What you need to do. Among the lines of data below, reproduce only those from the one with "Now temp will" through the one with "You use the", exactly as they stand, both ends included.

Source material.
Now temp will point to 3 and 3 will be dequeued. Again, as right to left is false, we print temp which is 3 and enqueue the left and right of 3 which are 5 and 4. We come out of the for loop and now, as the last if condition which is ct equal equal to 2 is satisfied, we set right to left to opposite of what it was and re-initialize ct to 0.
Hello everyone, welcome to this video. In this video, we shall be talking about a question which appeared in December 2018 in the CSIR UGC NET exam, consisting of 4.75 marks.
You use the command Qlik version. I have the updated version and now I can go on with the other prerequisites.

* * *

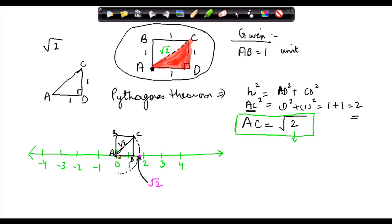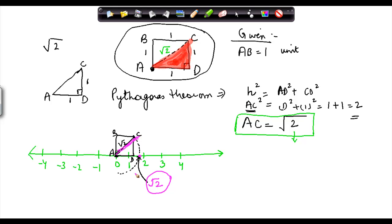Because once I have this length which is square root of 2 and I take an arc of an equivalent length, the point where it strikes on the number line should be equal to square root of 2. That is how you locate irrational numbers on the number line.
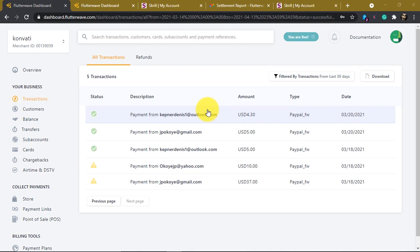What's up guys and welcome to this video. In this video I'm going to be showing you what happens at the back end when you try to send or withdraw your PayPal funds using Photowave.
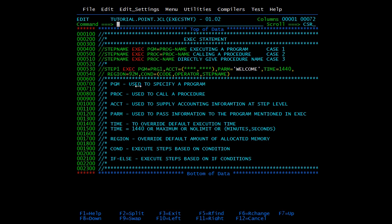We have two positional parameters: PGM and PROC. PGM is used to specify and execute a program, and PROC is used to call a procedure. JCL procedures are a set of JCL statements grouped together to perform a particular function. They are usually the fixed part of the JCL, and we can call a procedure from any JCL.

Result.
Now temp will point to 3 and 3 will be dequeued. Again, as right to left is false, we print temp which is 3 and enqueue the left and right of 3 which are 5 and 4. We come out of the for loop and now, as the last if condition which is ct equal equal to 2 is satisfied, we set right to left to opposite of what it was and re-initialize ct to 0.
Hello everyone, welcome to this video. In this video, we shall be talking about a question which appeared in December 2018 in the CSIR UGC NET exam, consisting of 4.75 marks.
You use the command Qlik version. I have the updated version and now I can go on with the other prerequisites.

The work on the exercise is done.